I have no problem calling “Mr. Hunter’s Grave” nonfiction. Although Mitchell altered the truth about elapsed time, he used a dramatist’s prerogative to compress and focus his story, thereby giving the reader a manageable framework. If he had told the story in real time, strung across all the days and months he did spend on Staten Island, he would have achieved the numbing truth of Andy Warhol’s eight-hour film of a man having an eight-hour sleep. By careful manipulation he raised the craft of nonfiction to art. But he never manipulated Mr. Hunter’s truth; there has been no “inferring,” no “fabricating.” He has played fair.
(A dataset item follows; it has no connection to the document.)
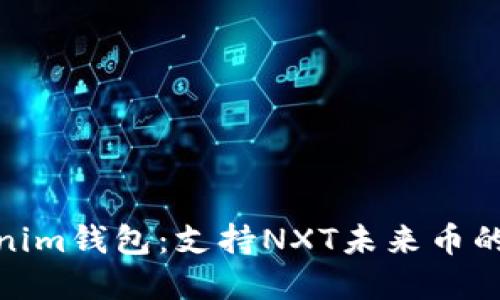 探索Tokenim钱包：支持NXT未来币的最佳选择
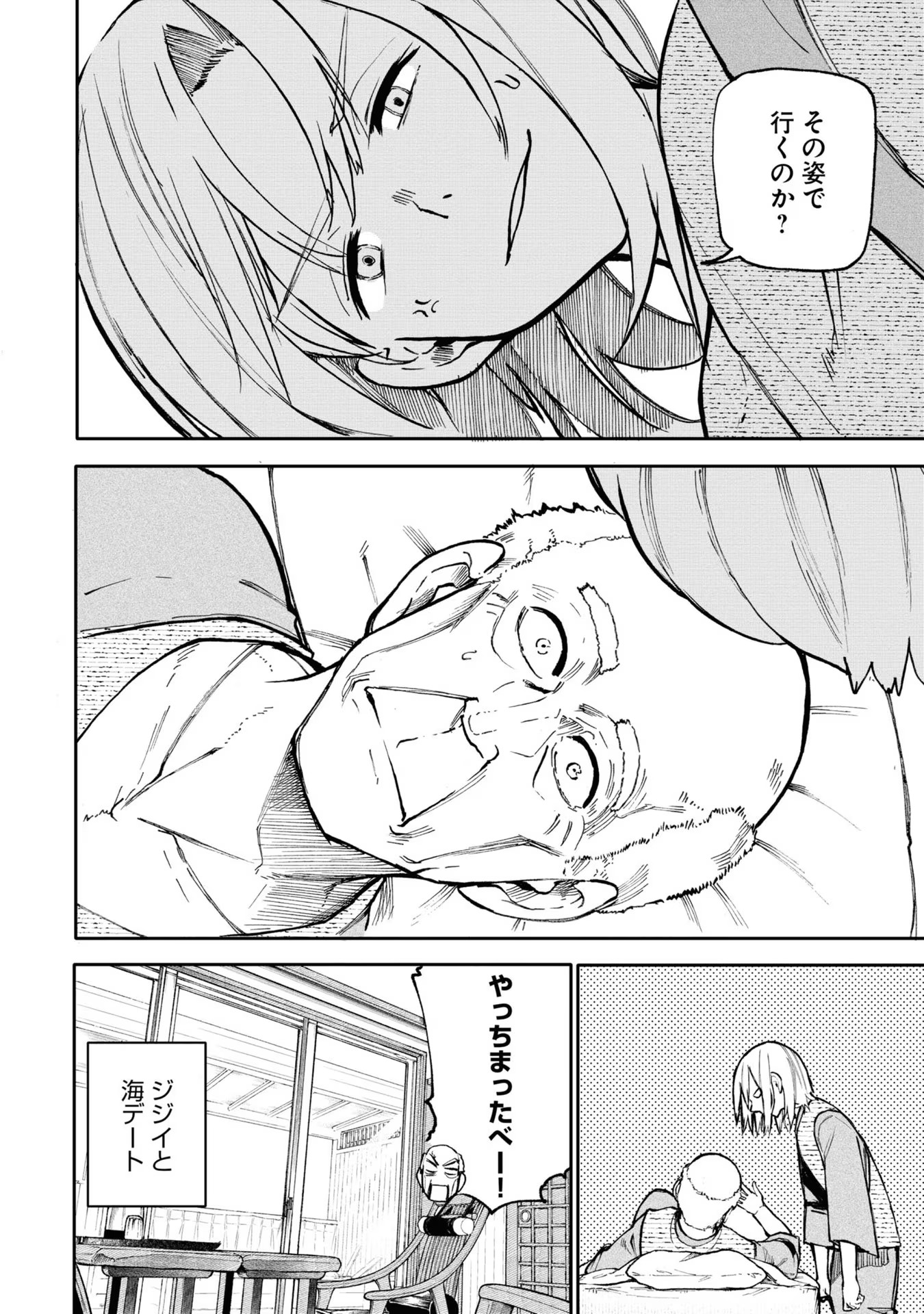 Ojii-san to Obaa-san ga Wakigaetta Hanashi - Chapter 111 - Page 4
That, finally, is my standard. I know that it’s just not possible to write a competent interview without some juggling and eliding of quotes; don’t believe any writer who claims he never does it. But many shades of opinion exist on both sides of mine. Purists would say that Joseph Mitchell has taken a novelist’s wand to the facts. Progressives would say that Mitchell was a pioneer—that he anticipated by several decades the “new journalism” that writers like Gay Talese and Tom Wolfe were hailed for inventing in the 1960s, using fictional techniques of imagined dialogue and emotion to give narrative flair to works whose facts they had punctiliously researched. Both views are partly right.

What’s wrong, I believe, is to fabricate quotes or to surmise what someone might have said. Writing is a public trust. The nonfiction writer’s rare privilege is to have the whole wonderful world of real people to write about. When you get people talking, handle what they say as you would handle a valuable gift.